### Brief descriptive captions
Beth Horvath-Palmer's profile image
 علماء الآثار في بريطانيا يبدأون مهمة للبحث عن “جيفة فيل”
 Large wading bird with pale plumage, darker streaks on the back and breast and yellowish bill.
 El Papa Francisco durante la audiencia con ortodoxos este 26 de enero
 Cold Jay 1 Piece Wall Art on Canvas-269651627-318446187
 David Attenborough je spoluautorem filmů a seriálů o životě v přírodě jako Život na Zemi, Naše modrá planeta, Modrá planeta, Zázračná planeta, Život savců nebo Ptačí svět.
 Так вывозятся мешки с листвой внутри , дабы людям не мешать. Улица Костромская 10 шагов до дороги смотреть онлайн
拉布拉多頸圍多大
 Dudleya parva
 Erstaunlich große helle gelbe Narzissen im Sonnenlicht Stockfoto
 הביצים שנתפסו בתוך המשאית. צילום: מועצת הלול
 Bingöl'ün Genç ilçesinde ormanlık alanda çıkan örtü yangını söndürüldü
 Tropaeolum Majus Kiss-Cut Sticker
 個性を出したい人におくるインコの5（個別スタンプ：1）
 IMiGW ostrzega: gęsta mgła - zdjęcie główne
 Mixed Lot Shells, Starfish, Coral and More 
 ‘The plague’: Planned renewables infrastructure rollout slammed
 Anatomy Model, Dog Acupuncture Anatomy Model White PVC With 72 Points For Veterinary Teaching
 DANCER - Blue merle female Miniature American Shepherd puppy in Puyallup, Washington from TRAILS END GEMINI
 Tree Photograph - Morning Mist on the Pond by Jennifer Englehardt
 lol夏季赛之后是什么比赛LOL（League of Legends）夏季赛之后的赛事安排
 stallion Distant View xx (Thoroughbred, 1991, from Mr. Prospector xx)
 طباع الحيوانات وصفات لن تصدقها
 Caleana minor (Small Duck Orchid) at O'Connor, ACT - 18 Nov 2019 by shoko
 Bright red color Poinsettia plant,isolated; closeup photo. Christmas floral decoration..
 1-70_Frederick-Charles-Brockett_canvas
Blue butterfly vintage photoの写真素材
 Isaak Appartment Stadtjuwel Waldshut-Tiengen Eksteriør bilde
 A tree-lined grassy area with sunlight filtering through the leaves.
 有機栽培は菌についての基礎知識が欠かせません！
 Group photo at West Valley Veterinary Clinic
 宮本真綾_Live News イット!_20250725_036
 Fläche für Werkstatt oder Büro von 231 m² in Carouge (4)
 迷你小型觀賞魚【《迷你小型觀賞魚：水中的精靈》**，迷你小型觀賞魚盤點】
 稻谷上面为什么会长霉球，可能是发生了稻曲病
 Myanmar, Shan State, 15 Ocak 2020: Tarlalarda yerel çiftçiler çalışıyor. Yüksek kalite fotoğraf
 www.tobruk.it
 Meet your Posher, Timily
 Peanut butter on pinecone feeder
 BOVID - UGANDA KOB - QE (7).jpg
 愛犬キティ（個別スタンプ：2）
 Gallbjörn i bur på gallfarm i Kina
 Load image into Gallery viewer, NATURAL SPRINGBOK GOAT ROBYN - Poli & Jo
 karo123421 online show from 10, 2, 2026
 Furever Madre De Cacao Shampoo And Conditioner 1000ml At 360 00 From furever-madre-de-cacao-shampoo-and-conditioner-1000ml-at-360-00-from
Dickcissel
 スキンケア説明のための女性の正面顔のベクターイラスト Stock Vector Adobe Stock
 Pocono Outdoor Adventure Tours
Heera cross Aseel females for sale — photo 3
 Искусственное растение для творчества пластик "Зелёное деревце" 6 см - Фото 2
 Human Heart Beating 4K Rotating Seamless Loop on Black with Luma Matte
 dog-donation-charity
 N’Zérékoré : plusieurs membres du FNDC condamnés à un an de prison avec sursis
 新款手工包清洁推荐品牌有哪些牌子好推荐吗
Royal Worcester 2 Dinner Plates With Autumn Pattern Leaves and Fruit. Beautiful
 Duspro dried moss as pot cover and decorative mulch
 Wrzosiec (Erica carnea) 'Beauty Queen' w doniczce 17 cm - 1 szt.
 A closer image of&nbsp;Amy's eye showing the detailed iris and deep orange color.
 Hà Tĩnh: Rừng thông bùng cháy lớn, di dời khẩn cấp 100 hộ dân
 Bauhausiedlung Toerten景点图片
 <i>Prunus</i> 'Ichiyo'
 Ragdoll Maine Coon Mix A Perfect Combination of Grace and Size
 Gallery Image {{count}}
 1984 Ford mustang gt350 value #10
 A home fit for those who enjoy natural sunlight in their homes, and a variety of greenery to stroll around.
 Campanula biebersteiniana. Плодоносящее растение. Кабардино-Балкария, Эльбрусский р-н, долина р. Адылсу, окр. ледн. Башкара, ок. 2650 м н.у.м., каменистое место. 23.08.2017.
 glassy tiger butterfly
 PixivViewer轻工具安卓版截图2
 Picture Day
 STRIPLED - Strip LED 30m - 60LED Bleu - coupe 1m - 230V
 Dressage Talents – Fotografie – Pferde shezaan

### Task statement
Produce only the lines from the line containing "طباع الحيوانات وصفات لن تصدقها" through the line containing "宮本真綾_Live News イット!_20250725_036", inclusive of both, exactly as they stand in the entries above.

### Solution
 طباع الحيوانات وصفات لن تصدقها
 Caleana minor (Small Duck Orchid) at O'Connor, ACT - 18 Nov 2019 by shoko
 Bright red color Poinsettia plant,isolated; closeup photo. Christmas floral decoration..
 1-70_Frederick-Charles-Brockett_canvas
Blue butterfly vintage photoの写真素材
 Isaak Appartment Stadtjuwel Waldshut-Tiengen Eksteriør bilde
 A tree-lined grassy area with sunlight filtering through the leaves.
 有機栽培は菌についての基礎知識が欠かせません！
 Group photo at West Valley Veterinary Clinic
 宮本真綾_Live News イット!_20250725_036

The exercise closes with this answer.